Does anybody have any experience with the Kelly smoker, it is galvanized 4" x 7" and it is $23.00


----------



## Briarvalleyapiaries (Feb 26, 2015)

CAP said:


> Does anybody have any experience with the Kelly smoker, it is galvanized 4" x 7" and it is $23.00


I have the 10" Kelly smoker and I really like it compared to the ML.


----------



## snl (Nov 20, 2009)

CAP said:


> Does anybody have any experience with the Kelly smoker, it is galvanized 4" x 7" and it is $23.00


You get what you pay for.................Dadant!


----------



## aunt betty (May 4, 2015)

Have been criticized by the local bee club members over a myriad of things. They're a critical bunch. 
What brand paint. What color. How I wrap them or not. What frames. Foundations. Waxed or not. Where I get my equipment. Used? New? What truck I drive. Where I buy my gas. Where I get my bees. What clothes I wear. What type of fence I have. The big yellow dog. What other hobbies I have. How I manage the hives. Whether to use smoke or not. What type of fuel. (and more) 

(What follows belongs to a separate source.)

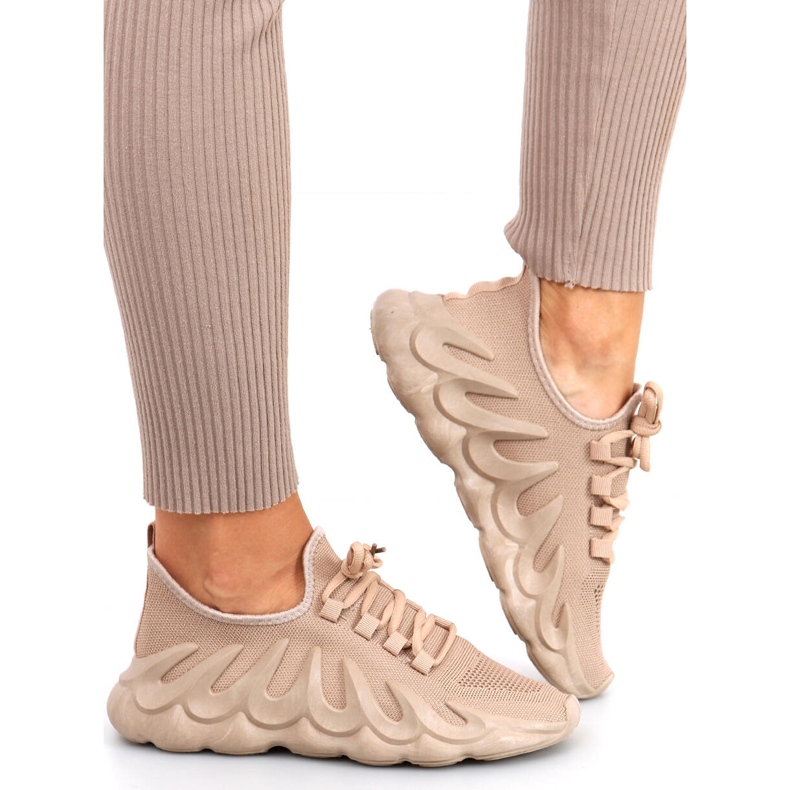 Band Khaki zoknis sportcipő bézs 1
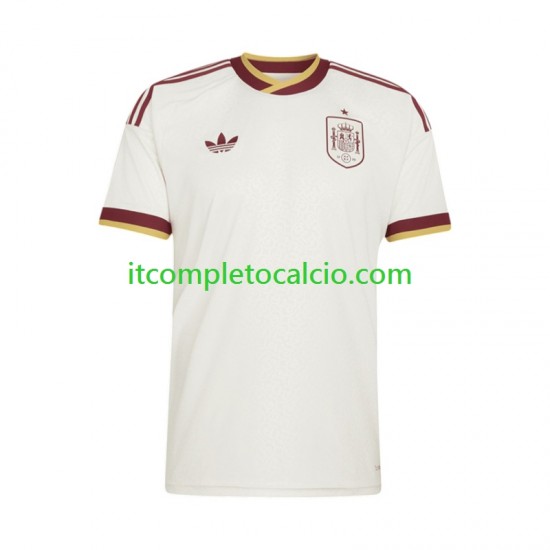 Maglia Spagna Divisa Away Mondiali 2026 Manica Corta ,Uomo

So far they've missed the smoker detail. opcorn: 
My smoker smokes.


----------



## Riverderwent (May 23, 2013)

Brad Bee said:


> Good smoker or cheap smoker?


Good smoker..



> it was no match for a Ford


I laughed.


----------



## shinbone (Jul 5, 2011)

Oldtimer said:


> But for a perfectionist to whom money is not an object, here is in my view an even better smoker but it's only sold in Australia so would have to be shipped. It is actually modelled on the old better worked Dadants before they went a bit cheapo, but made of stainless steel. It's the Beeco, on the right. For those really hankering after something unique they also come in brass.
> 
> http://www.honeybee.com.au/catalogue/page7.htm


The Beeco uses the older, and presumably better, Dadant design - what about that older Dadant design is better than the new Dadant design? Anything else beside design that makes the Beeco better, i.e. materials, fabrication?


----------



## kaizen (Mar 20, 2015)

i'm also in the market for a smoker that stays lit. can anyone describe the design of the dadant that makes it better? i'm not overly concerned about the wire on the outside just the smoke ability. looking at my cheapo 1st year one it doesn't look too complicated that could be drastically improved. just want to know what i'm buying


----------



## gww (Feb 14, 2015)

I bought the $26 large smoker off of ebay. It may not last but does work much better then my homemade one that I used for my first summer. I pack it plumb full and tight with straw. It seems to stay lit very well. Some times the fire comes out the hole that the bellows blow into and if I am not watching, I may sometime end up catching the bellows wood on fire but so far it is such an improvement to what I was using, that I am happy.

Cheers
gww


----------



## Michael Bush (Aug 2, 2002)

Not sure if you can even get it anymore, but this is my favorite smoker:
http://pinecreektrading.com/rauchboy-smoker/

Bee Thinking was the last place I could find one and they don't seem to have it now. I've had Kelley's large smoker. It was fine. I've had Mann Lake's large smoker, it was fine. I admit Dadant's is nicer on several counts and worth the difference in price. For sure, don't buy a small smoker. They are far harder to keep lit. I like all of them better with an insert:
http://www.bushfarms.com/beesmisc.htm#smokerinsert
http://www.bushfarms.com/images/SmokerInsert3.jpg
http://www.bushfarms.com/images/SmokerInsert2.JPG

I can fill the insert, light the insert and when it's going well (the breeze feeding it oxygen) I can pick it up with gloves and quickly drop it in the smoker... Then it stays lit better. because it provides an air space and air flow...


----------



## Knisely (Oct 26, 2013)

Rauchboy website:

https://shop.strato.de/epages/17848997.sf/en_GB/?ObjectPath=/Shops/17848997/Categories


----------